A lot of people in and around my life have been dying recently. Yet another person passed this passed week; in addition, someone close to me was in a bad car accident that totaled her car. Hence, I am feeling my mortality distinctly.
Last night N. and I decided we wanted to write up for each other our final wishes and also the names of people who should be contacted if something happened to one of us. It feels depressing and morbid to talk about, but when you live alone far from home I think it is something important to consider. I want to take mine even one step further--I want to give a copy to N. as well as to my mother and father just to insure there is no misunderstanding.
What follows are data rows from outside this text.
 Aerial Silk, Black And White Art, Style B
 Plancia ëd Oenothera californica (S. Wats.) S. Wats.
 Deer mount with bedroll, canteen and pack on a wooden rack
This will freak my mother the fuck out.
In other news, I continue to work on NaNoWriMo, and I've gotten some decent writing done. My book is really starting to take shape, and it's exciting to see. I still can't think of a title. When N. asked me what I was thinking about in the way of a title, I said, "At this point, I have absolutely nothing." She suggested that for at least a working title.
For the remainder of the month, there are a few things I want to do for NaNoWriMo to stretch myself a bit:
1. I want to incorporate some piece of fiction (a conversation, a scenario, whatever) into a memoir piece. So far, I've been unable to do anything but tell things that happened to the best of my ability.
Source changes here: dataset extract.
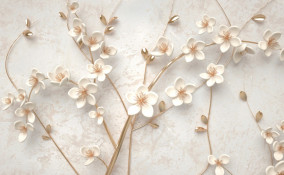 sfondi, temi, whatsapp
2. I want to write a straight fiction short story. My perception of myself is that I am hideous with fiction. Maybe I should practice.
3. I want to write about events that took place more recently. I have things I want to tell, most notably those involving C., and for some reason I just have not been able to.
I am also thinking I want to work on another postcard secret, but that is really another story all together.
In other news, I will be working for the next 12 days in a row. I am not very happy about it.